Steve Chalke

Steve Chalke asks people to buy Oyster travel cards for the homeless

A central London church, run by Steve Chalke, announced this week that they were launching an appeal to help the homeless by providing them with Oyster travel cards to offer them some respite from the cold.

The congregation at Oasis Waterloo were told on Sunday that, with the worsening temperatures, this was a way their actions could match their faith.

The cards allow people to top-up their travel money and tap through barriers on London's public transport - on buses you can only use an Oyster card or contactless card and cash is no longer an option. 

Steve Chalke, a well-known speaker at Christian events and founder of Oasis' charitable work, told Premier that the idea came to him when preparing a sermon on the time Jesus tells Peter to drop his fishing nets and follow him (in Matthew 4).

Chalke said: "I talked about the fact that what we do with some bits of the Bible is we turn them into metaphors when actually they're literal...in this case Jesus actually asks Peter to follow him and we turn it back into 'Well, stay the same as you are, carry on life as it is and just believe these things' when in actual fact this is about being faithful, showing an allegiance, a loyalty, a change of lifestyle, a change of habits, a change of use of resources and money.

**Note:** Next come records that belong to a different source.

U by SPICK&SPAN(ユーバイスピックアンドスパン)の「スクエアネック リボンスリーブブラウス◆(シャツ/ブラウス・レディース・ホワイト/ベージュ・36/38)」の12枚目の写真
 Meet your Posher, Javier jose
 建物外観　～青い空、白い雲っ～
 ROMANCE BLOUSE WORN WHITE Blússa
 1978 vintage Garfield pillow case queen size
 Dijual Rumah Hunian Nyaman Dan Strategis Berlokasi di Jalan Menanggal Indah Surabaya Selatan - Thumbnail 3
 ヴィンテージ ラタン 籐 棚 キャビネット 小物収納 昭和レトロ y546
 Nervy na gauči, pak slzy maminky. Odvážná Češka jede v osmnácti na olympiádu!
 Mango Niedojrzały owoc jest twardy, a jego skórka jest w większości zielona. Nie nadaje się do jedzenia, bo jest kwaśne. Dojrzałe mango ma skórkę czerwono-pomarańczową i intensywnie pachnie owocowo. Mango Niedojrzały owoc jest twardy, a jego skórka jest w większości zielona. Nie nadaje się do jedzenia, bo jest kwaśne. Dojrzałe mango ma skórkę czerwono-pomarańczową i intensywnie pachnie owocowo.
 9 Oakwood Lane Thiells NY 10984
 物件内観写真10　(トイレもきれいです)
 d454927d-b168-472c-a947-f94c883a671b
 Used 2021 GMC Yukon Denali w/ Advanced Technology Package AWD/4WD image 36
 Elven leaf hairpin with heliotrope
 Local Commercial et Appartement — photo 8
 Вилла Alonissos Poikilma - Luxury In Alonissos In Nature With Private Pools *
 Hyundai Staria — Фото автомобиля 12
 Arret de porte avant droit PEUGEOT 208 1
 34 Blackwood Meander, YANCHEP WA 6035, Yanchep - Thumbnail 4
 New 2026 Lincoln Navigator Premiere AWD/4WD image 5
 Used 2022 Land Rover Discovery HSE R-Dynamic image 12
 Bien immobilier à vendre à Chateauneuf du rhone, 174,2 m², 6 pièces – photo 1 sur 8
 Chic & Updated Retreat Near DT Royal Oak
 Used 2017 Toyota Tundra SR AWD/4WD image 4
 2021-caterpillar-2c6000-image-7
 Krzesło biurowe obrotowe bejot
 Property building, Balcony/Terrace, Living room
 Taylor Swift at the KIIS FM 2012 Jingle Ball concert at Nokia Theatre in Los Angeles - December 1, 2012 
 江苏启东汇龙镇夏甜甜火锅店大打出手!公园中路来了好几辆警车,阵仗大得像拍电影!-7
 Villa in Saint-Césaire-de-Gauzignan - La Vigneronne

"I knew that the weather was going to get cold...I said 'How about we do something to get people off the streets?' There are estimated to be by the London's mayor's office about between 2,500 and 3,000 people sleeping rough in doorways - you can't get them all into churches and other community buildings.

"With the cold coming in, some of them will freeze to death. In fact, I know of one man who's frozen to death on the street near here since Christmas."

The church are encouraging people to donate £20. The first £10 will go directly toward purchasing an Oyster card with adequate credit for rides on public transport and the second to help the longer-term response to homelessness.

Chalke explained: "They can ride on the night bus, they can sit in the warm, they can get out of the bitter cold".

He added another advantage for the wider community was the burden on state resources: "We're also keeping endless cases out of our A&E's in the already stretched and strained NHS system".

The church leader joked that they had already taken the offering when they announced the plan but the church then gave an extra £2,000 and many people signed up to the team who will give out the Oyster cards.